Cairo: An Egyptian ultraconservative Salafist has drawn sharp criticism for saying that it is religiously permissible for Muslim men to spy on women while bathing if they intend to marry them. “If you have real sincere intentions to marry the girl, and you are able to hide and watch her secretly to see things that she wouldn’t allow you to see before marrying her, then it is permissible because acts are judged by intentions,” Salafist preacher Osama Al Qusi said.

He claimed that one companion of the Prophet Mohammad (peace be upon him) did this and when his friends disapproved his act, he answered: “Our prophet said that if you can look at what encourages you to marry the women, then do.”

Al Qusi, who is a medical doctor by profession, added: “Peeping aims at knowing if the woman suits you (as a wife) and if she has an acceptable body and beauty.”

The fatwa (a religious edict) drew an angry reaction from Egypt’s Islamic officials. “We ask this man and his like: What sort of manhood and gallantry is this?” said Minister of Waqfs (Religious Endowments) Mohammad Jumaa. “Do you accept this for your daughter? If you do, you should know that the nature of the faithful and civilised Egyptian people, Muslims and Christians, does not approve it,” the minister added in a statement. “Moreover, the Islamic Sharia confirms that decency is a basic rule in all heavenly faiths.”

Jumaa demanded that issuing fatwas in the predominantly Muslim country be limited to licensed clerics only.

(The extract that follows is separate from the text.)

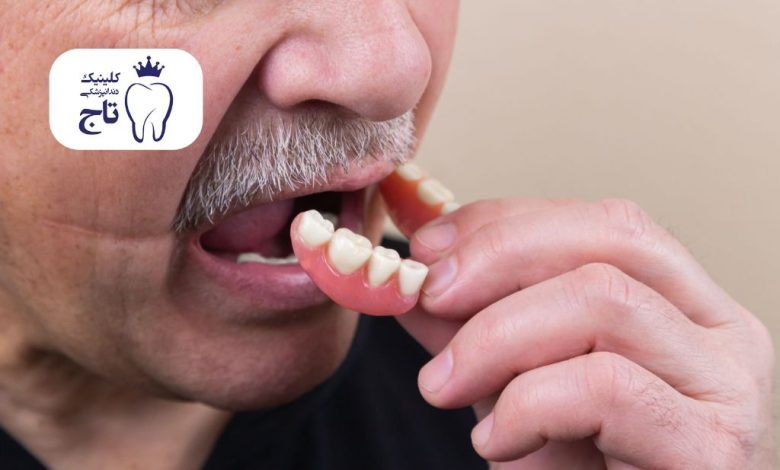 برای جا افتادن دندان مصنوعی چه کنیم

Pro-women activists, meanwhile, accused Al Qusi of inciting sexual harassment, which has become a major problem in Egypt in recent years.

Al Qusi later recanted his fatwa, saying he issued it more than 10 years ago. “I announced this and other odd fatwas in the past when I embraced erroneous and extremist ideas,” he told private Egyptian ONTV last week. “Now I have revised and abandoned all those fatwas.”

He accused what he called “gangs of online extremism” of reviving and propagating such fatwas “in order to distort my moderate image”.

Egyptian President Abdul Fattah Al Sissi, who took office in June, has repeatedly called on the country’s religious institutions to “modernise”religious discourse to uproot radicalism.